There is an old saying disciplined, long-term investors utter quite frequently: “Sometimes the investment you don’t make, is the best investment you made.” This could not be any truer than in the instance when you stumble across a great product made by a not-so-great company and somehow find the discipline to not invest in the company.
In today’s environment this danger lurks everywhere. Why? Well, there is more available capital to be invested then ever! In 2017, private equity firms raised a record $457 billion, outpacing the $414 billion raised in 2007. This massive raise leaves private equity firms with over $1 trillion to dole out. This never before seen amount of capital does two things: 1) Increases company valuations, and 2) Gives capital to ideas that might not necessarily deserve it. Essentially, there is too much money chasing too few good ideas.

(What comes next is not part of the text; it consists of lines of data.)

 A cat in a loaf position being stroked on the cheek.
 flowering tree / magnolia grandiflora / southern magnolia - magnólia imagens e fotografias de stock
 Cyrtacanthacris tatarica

You may not realize it, pretty much all publicly traded companies were once private companies. And these days, especially in the technology industry, companies want to ramp up (i.e., grow) fast therefore require outside capital (i.e., money from private equity firms). So, it is these well-funded private equity firms that are driving the bus here. The bus that is all about return on investment, therefore, it is in their best interest to see high valuations, regardless of their merit. Then these exaggerated valued companies find way to the stock market.

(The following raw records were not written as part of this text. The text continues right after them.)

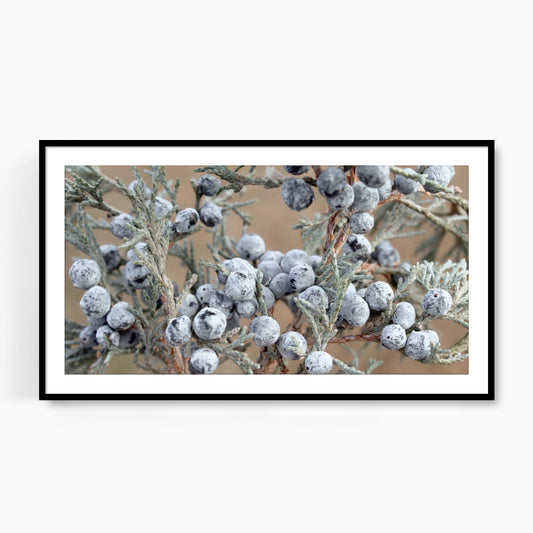 #1340F Juniper Berries, Samsung Frame TV Art, Digital Wallpaper, Digital Download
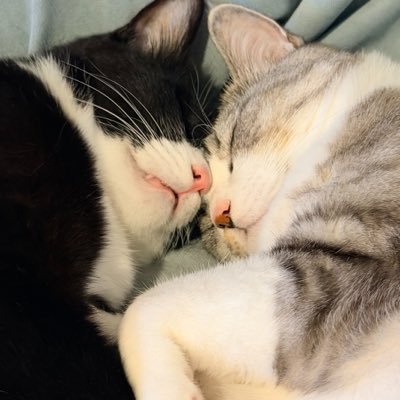 famiyun's profile picture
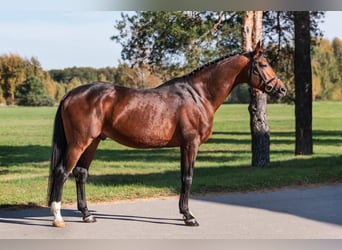 Trakehner, Semental, 10 años, 168 cm, Castaño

Turning our attention back to the public stock market, it is littered with poorly run companies with popular products that ill-advised customers/fans will invest in. Many times to only see the stock market place a true valuation on the company at some point in the future. This can be over a few months or a few years… but the day of reckoning comes at some point (unless of course a company turns the corner, financially).
The most glaring example these days is Tesla. For full disclosure, Tesla does not meet our investment criteria to even consider investing in it, but it is definitely a polarizing company, so we do read/discuss this company all the time. You would be hard pressed to find a Tesla driver that doesn’t gush about how much they love driving that car. So, does that make it a great investment?
Well, Tesla has yet to make a profit, burns through a ton of cash to the point they consistently need to raise money, and most recently I read their basic package Model 3 sells at a loss. After reading/listening about this company for the past few years it appears there is valid concern they may never be a profitable company. You never know what can change, but for now, that seems to be the narrative. But, based on Tesla’s market valuation, the adoration of Elon Musk, and of course the love of the car, you would think Tesla is about to put GM, Ford, BMW, etc. out of business. Probably not a reality.
At any point in time, a stock can trade at levels that are not supported by their financials. But, if you are a true long-term investor, you need to be able to cut the emotional tie you have for the love of a product and free yourself up to make a rational, clear decision on a company’s ability to produce value of the long-term. Last time I checked, companies are in business to make money and we as investors are in business to do the same. We try not to lose sight of this somewhat basic, but sometimes lost thought.